START Data for this task

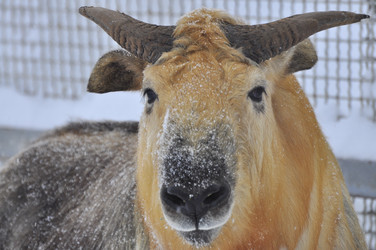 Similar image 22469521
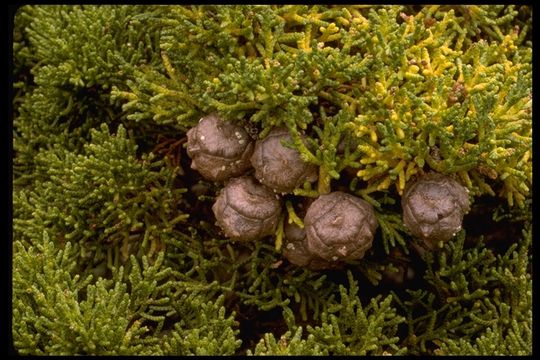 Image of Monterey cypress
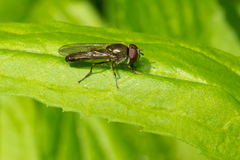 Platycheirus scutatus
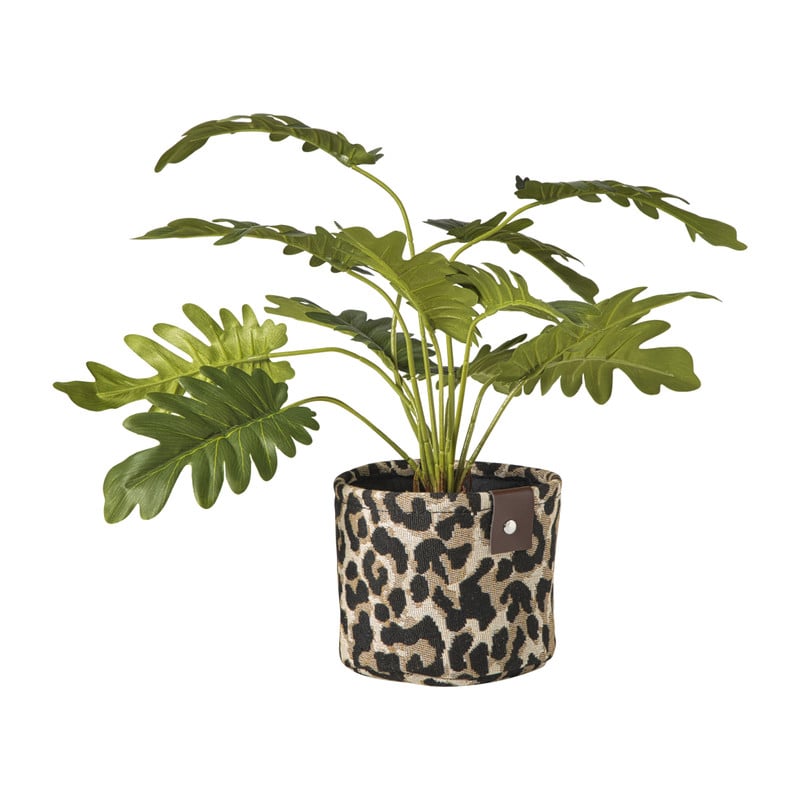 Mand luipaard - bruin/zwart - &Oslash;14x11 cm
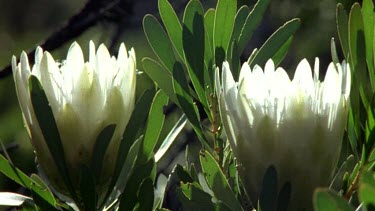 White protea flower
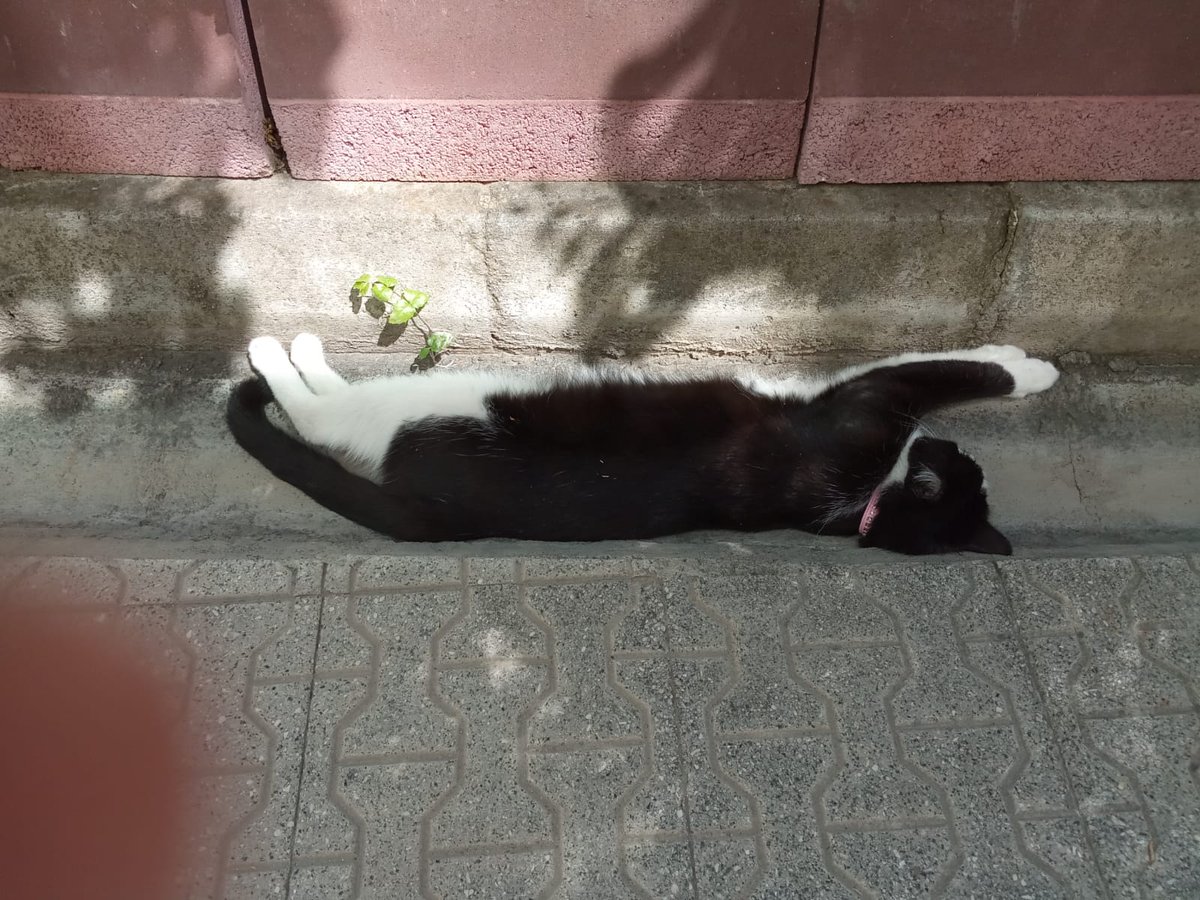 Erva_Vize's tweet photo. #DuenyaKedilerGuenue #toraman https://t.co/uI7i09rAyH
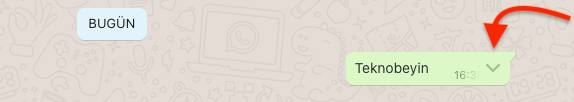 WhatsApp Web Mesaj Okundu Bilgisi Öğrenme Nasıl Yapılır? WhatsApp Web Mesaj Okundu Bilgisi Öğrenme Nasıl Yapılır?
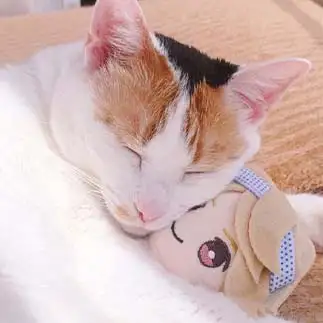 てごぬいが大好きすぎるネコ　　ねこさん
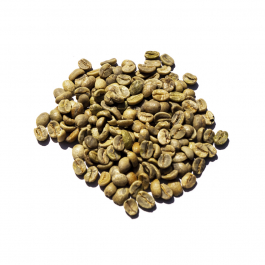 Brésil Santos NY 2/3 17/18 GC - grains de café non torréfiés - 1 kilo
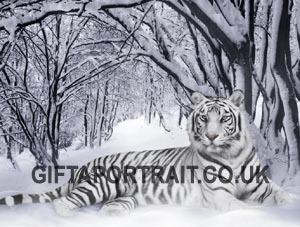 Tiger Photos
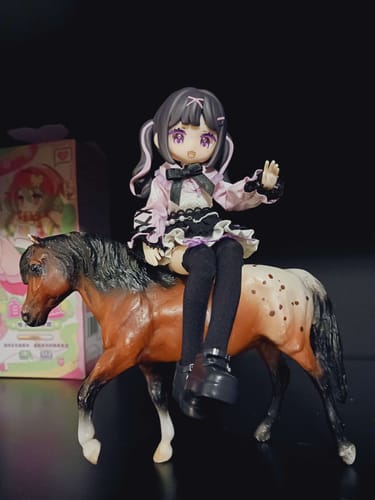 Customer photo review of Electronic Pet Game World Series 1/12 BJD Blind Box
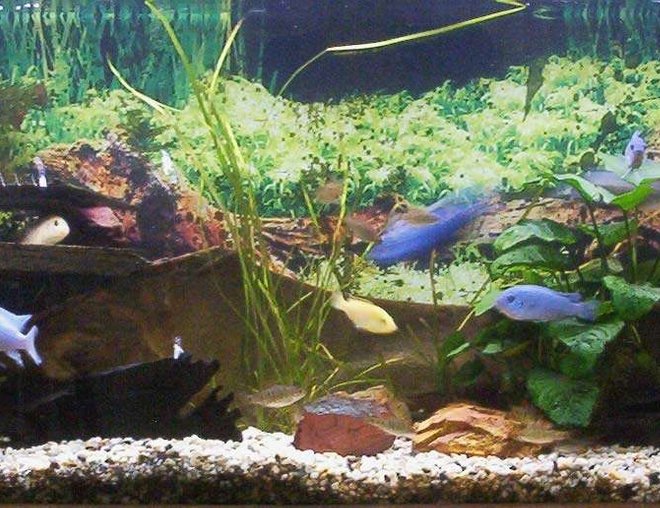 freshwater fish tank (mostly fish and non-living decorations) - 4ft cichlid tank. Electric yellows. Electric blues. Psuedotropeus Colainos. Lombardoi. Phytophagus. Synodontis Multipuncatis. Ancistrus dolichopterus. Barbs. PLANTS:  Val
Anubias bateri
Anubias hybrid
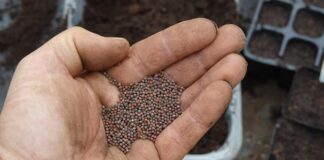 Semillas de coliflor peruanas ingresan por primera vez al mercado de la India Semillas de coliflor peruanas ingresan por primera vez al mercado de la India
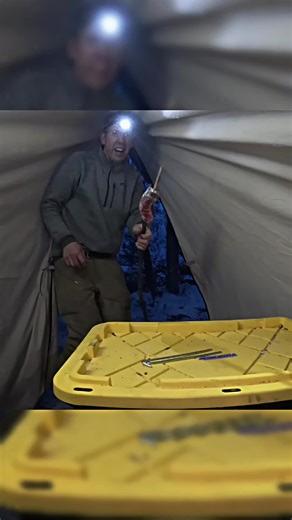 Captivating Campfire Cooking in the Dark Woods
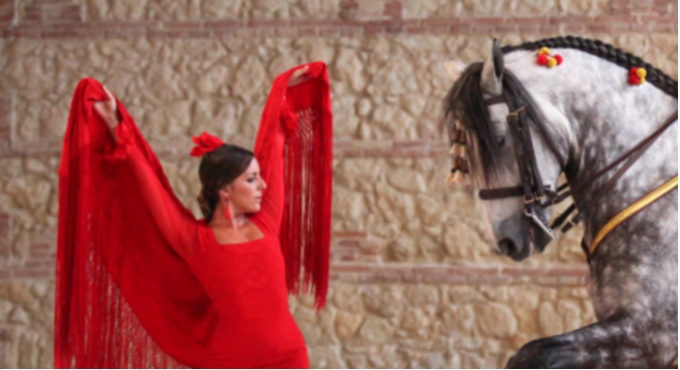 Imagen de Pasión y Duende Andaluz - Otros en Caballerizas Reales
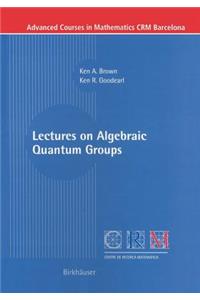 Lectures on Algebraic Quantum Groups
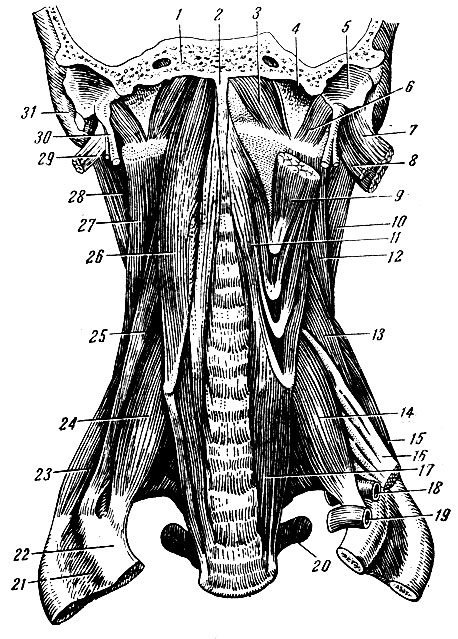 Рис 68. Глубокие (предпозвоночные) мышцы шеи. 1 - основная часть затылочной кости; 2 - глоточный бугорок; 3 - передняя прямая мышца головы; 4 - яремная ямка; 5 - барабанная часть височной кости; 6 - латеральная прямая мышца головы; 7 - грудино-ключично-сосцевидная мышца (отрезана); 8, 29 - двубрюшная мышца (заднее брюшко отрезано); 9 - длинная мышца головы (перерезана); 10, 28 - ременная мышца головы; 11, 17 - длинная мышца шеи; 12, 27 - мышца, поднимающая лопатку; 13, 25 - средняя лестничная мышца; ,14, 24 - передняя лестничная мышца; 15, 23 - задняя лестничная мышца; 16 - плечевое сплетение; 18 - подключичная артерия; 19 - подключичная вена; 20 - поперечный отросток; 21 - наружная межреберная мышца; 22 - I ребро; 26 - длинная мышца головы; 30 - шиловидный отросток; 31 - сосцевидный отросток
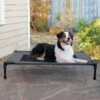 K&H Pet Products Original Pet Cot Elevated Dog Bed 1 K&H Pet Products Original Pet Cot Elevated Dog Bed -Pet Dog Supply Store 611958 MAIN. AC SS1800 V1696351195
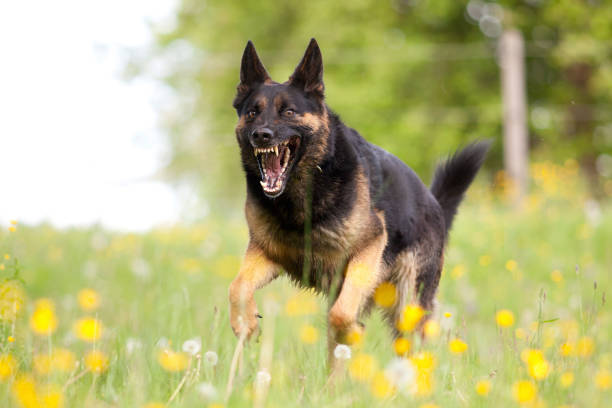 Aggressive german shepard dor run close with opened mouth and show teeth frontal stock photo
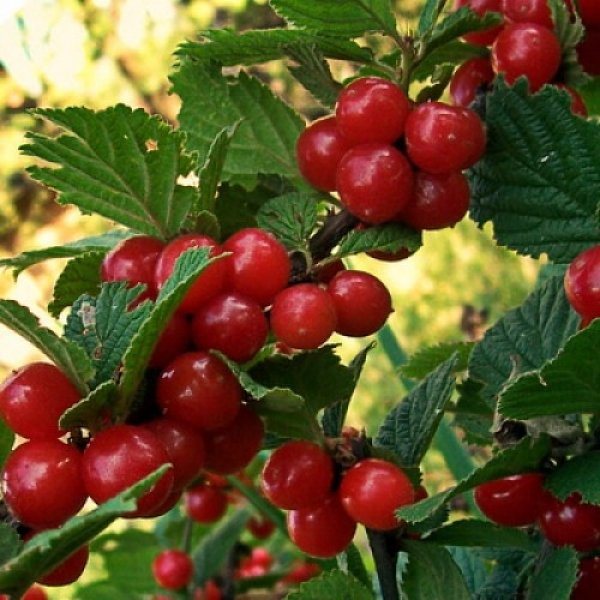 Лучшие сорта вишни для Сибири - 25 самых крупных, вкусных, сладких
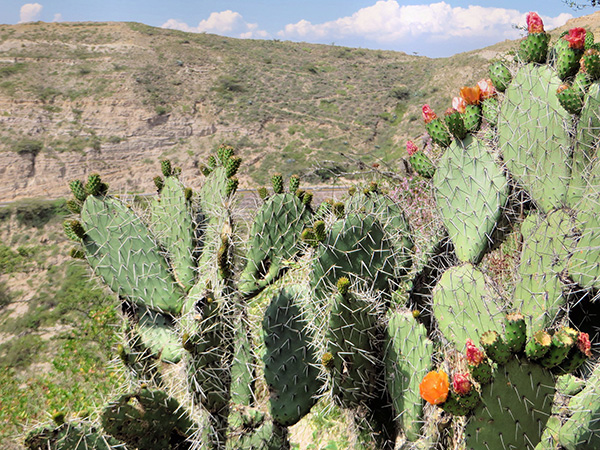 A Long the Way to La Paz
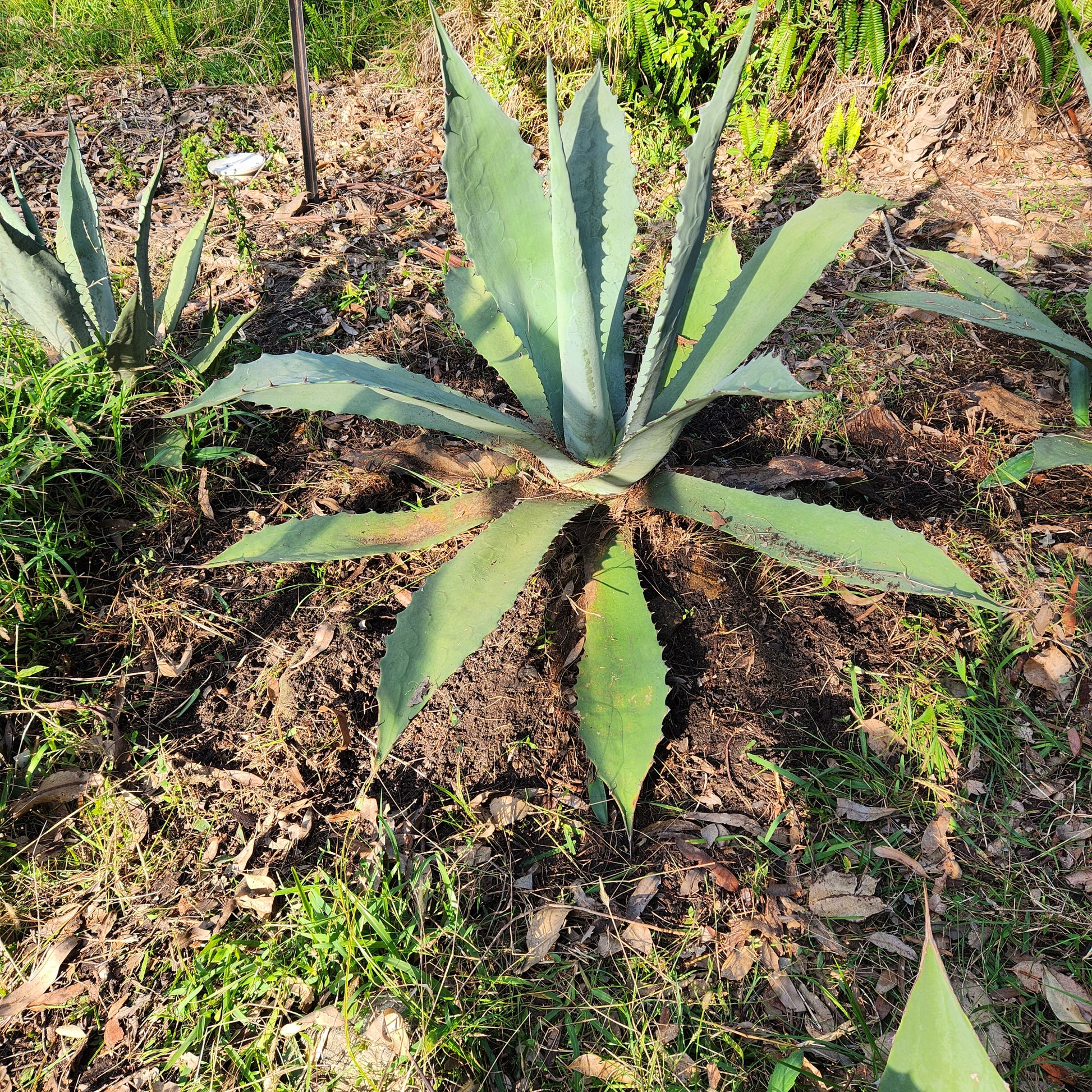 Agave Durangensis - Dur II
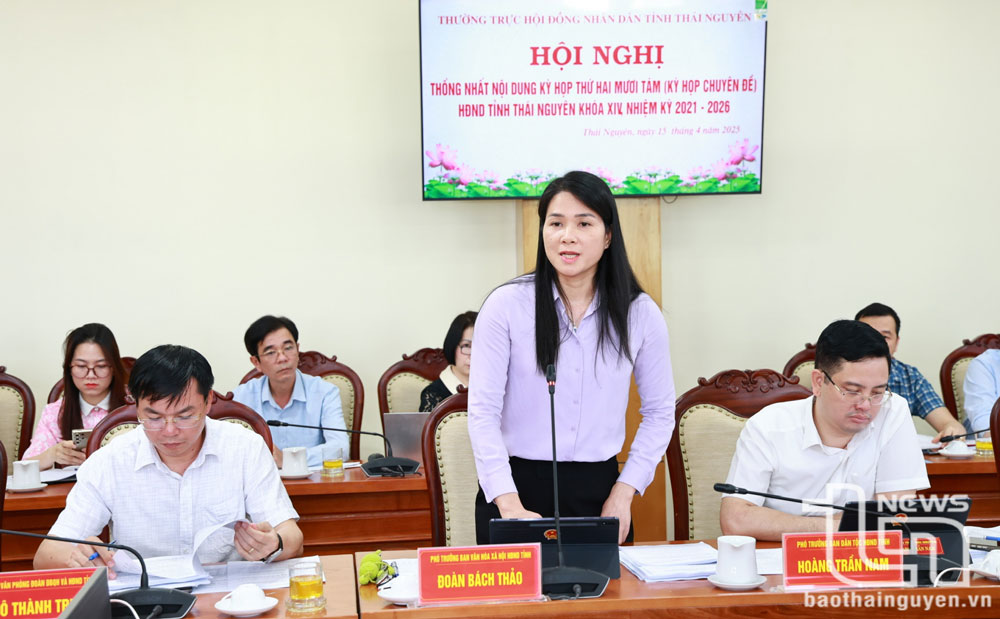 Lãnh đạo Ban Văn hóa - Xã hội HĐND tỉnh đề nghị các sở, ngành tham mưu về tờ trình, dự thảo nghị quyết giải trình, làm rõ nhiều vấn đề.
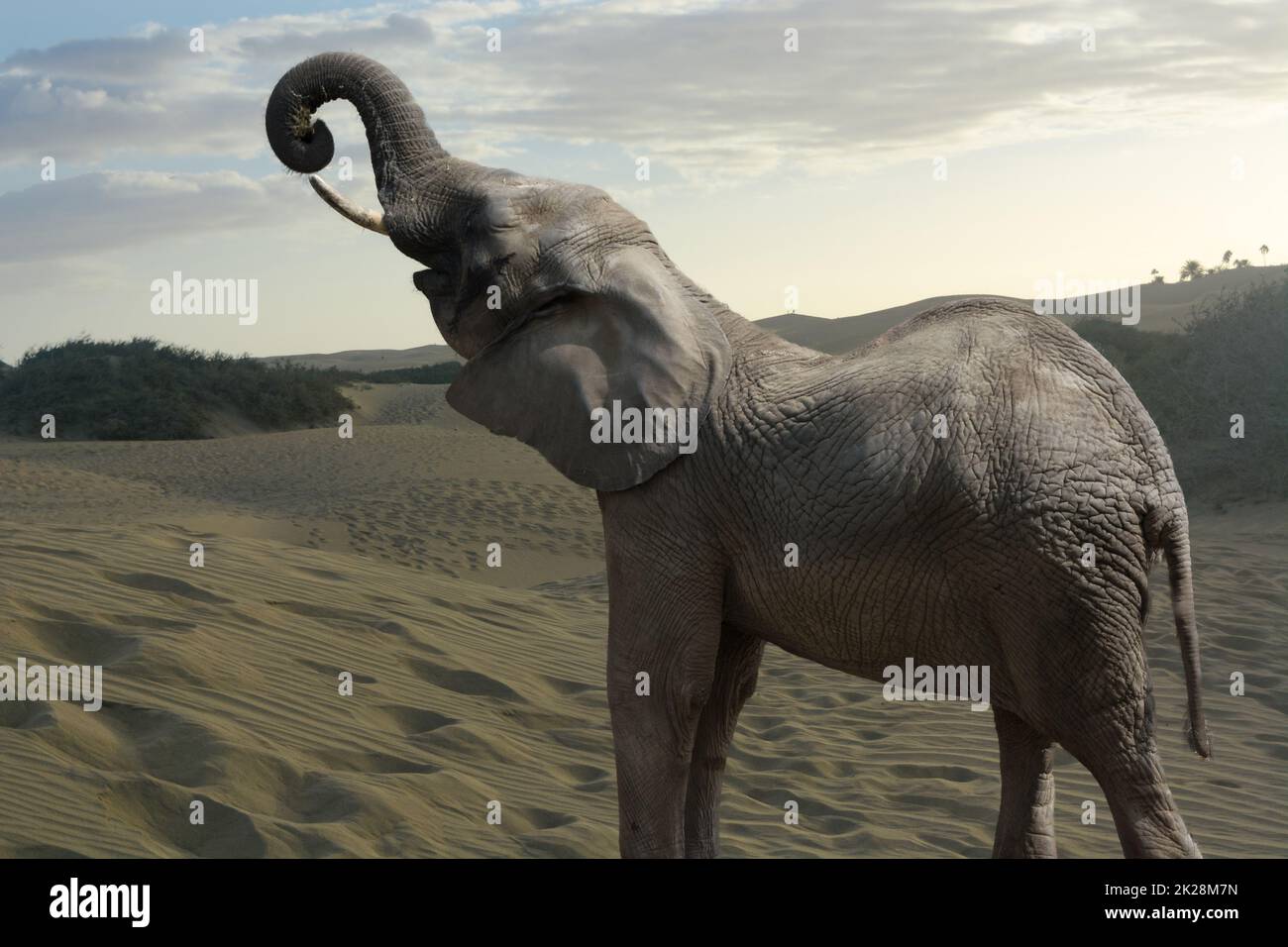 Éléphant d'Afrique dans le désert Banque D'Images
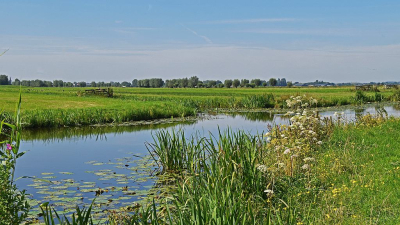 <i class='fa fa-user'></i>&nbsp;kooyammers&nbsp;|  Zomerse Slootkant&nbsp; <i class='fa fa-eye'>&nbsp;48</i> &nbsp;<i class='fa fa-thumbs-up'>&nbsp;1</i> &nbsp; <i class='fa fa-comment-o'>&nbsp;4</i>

END Data for this task

_Your task_. Give the entries above again word for word, without the pictures.

_Task result_.
 Similar image 22469521
 Image of Monterey cypress
 Platycheirus scutatus
 Mand luipaard - bruin/zwart - &Oslash;14x11 cm
 White protea flower
 Erva_Vize's tweet photo. #DuenyaKedilerGuenue #toraman https://t.co/uI7i09rAyH
 WhatsApp Web Mesaj Okundu Bilgisi Öğrenme Nasıl Yapılır? WhatsApp Web Mesaj Okundu Bilgisi Öğrenme Nasıl Yapılır?
 てごぬいが大好きすぎるネコ　　ねこさん
 Brésil Santos NY 2/3 17/18 GC - grains de café non torréfiés - 1 kilo
 Tiger Photos
 Customer photo review of Electronic Pet Game World Series 1/12 BJD Blind Box
 freshwater fish tank (mostly fish and non-living decorations) - 4ft cichlid tank. Electric yellows. Electric blues. Psuedotropeus Colainos. Lombardoi. Phytophagus. Synodontis Multipuncatis. Ancistrus dolichopterus. Barbs. PLANTS:  Val
Anubias bateri
Anubias hybrid
 Semillas de coliflor peruanas ingresan por primera vez al mercado de la India Semillas de coliflor peruanas ingresan por primera vez al mercado de la India
 Captivating Campfire Cooking in the Dark Woods
 Imagen de Pasión y Duende Andaluz - Otros en Caballerizas Reales
 Lectures on Algebraic Quantum Groups
 Рис 68. Глубокие (предпозвоночные) мышцы шеи. 1 - основная часть затылочной кости; 2 - глоточный бугорок; 3 - передняя прямая мышца головы; 4 - яремная ямка; 5 - барабанная часть височной кости; 6 - латеральная прямая мышца головы; 7 - грудино-ключично-сосцевидная мышца (отрезана); 8, 29 - двубрюшная мышца (заднее брюшко отрезано); 9 - длинная мышца головы (перерезана); 10, 28 - ременная мышца головы; 11, 17 - длинная мышца шеи; 12, 27 - мышца, поднимающая лопатку; 13, 25 - средняя лестничная мышца; ,14, 24 - передняя лестничная мышца; 15, 23 - задняя лестничная мышца; 16 - плечевое сплетение; 18 - подключичная артерия; 19 - подключичная вена; 20 - поперечный отросток; 21 - наружная межреберная мышца; 22 - I ребро; 26 - длинная мышца головы; 30 - шиловидный отросток; 31 - сосцевидный отросток
 K&H Pet Products Original Pet Cot Elevated Dog Bed 1 K&H Pet Products Original Pet Cot Elevated Dog Bed -Pet Dog Supply Store 611958 MAIN. AC SS1800 V1696351195
 Aggressive german shepard dor run close with opened mouth and show teeth frontal stock photo
 Лучшие сорта вишни для Сибири - 25 самых крупных, вкусных, сладких
 A Long the Way to La Paz
 Agave Durangensis - Dur II
 Lãnh đạo Ban Văn hóa - Xã hội HĐND tỉnh đề nghị các sở, ngành tham mưu về tờ trình, dự thảo nghị quyết giải trình, làm rõ nhiều vấn đề.
 Éléphant d'Afrique dans le désert Banque D'Images
 <i class='fa fa-user'></i>&nbsp;kooyammers&nbsp;|  Zomerse Slootkant&nbsp; <i class='fa fa-eye'>&nbsp;48</i> &nbsp;<i class='fa fa-thumbs-up'>&nbsp;1</i> &nbsp; <i class='fa fa-comment-o'>&nbsp;4</i>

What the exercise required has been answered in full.